● ASSIGNMENT: Your copy should begin at the line containing "Watch new Marylin" and end at the last line of the records; transcribe those lines exactly and leave out every picture.
======== INPUT ========
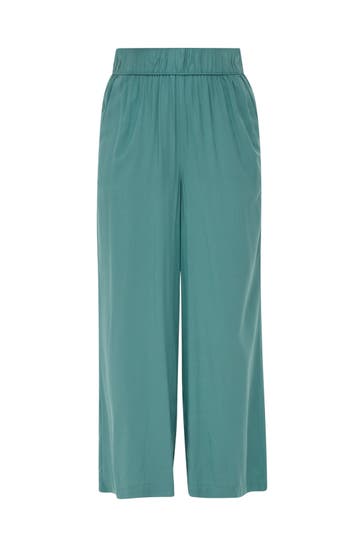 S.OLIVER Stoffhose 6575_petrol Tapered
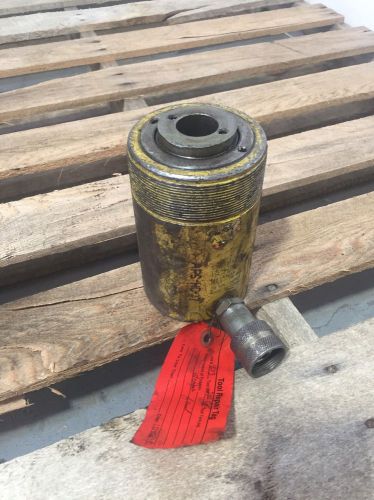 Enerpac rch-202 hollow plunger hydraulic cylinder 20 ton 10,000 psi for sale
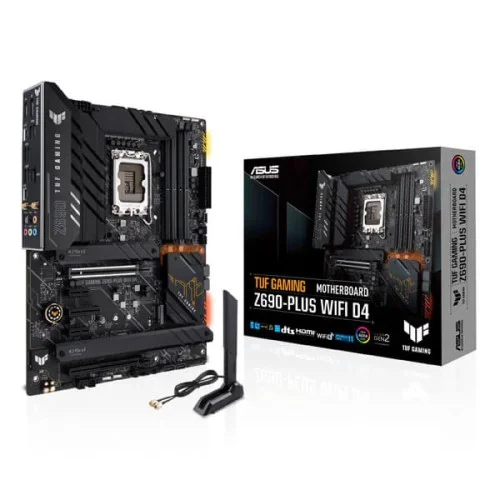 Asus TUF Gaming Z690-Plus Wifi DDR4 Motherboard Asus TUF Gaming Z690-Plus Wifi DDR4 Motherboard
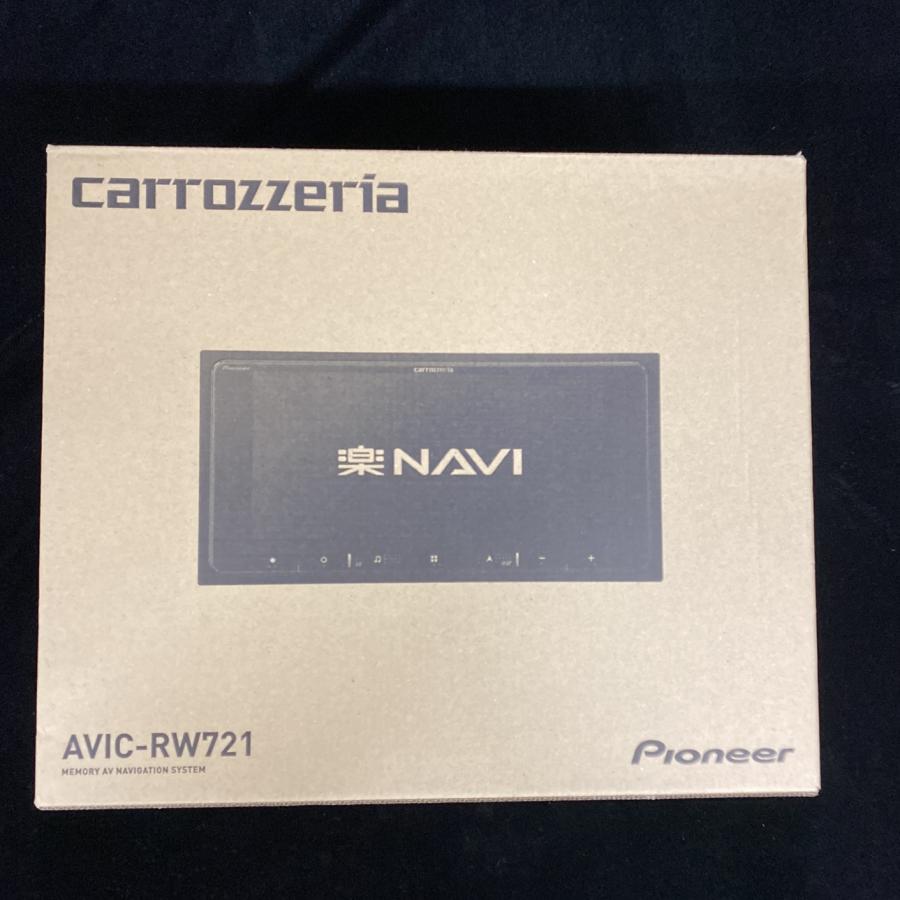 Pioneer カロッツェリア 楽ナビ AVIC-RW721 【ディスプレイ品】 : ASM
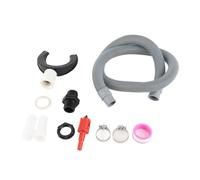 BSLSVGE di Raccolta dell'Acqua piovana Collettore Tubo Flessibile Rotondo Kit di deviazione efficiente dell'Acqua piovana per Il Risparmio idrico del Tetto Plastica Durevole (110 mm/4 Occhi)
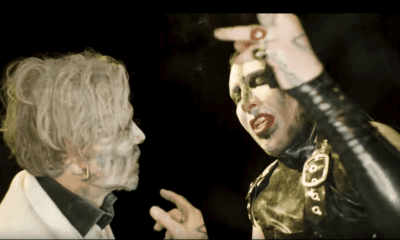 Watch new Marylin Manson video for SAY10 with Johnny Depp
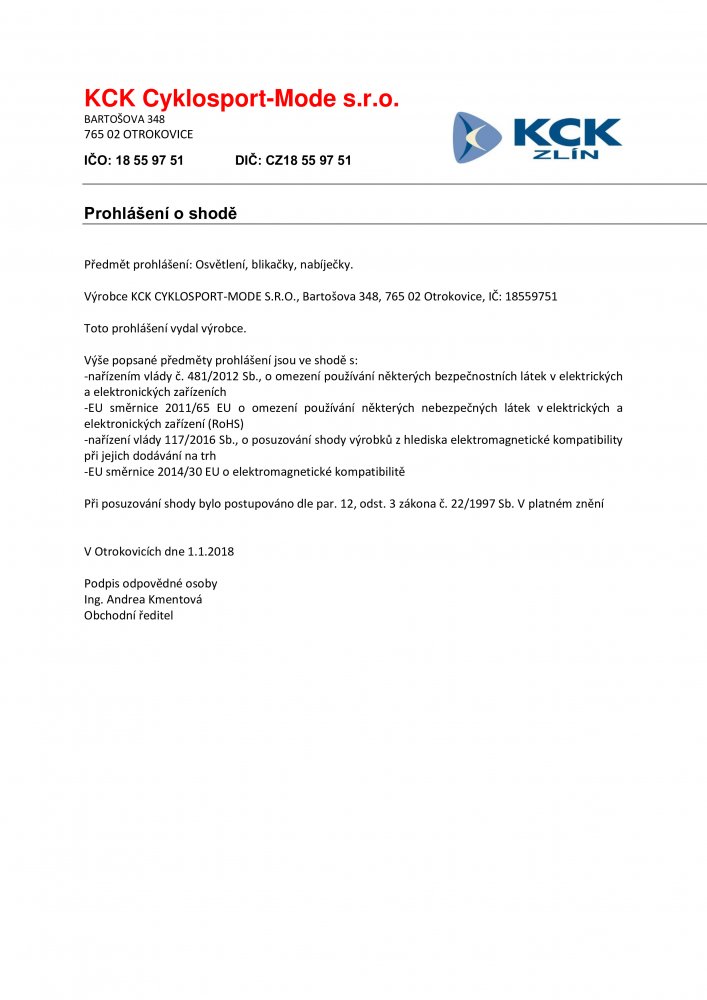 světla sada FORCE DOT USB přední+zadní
========
● RESPONSE:
 Watch new Marylin Manson video for SAY10 with Johnny Depp
 světla sada FORCE DOT USB přední+zadní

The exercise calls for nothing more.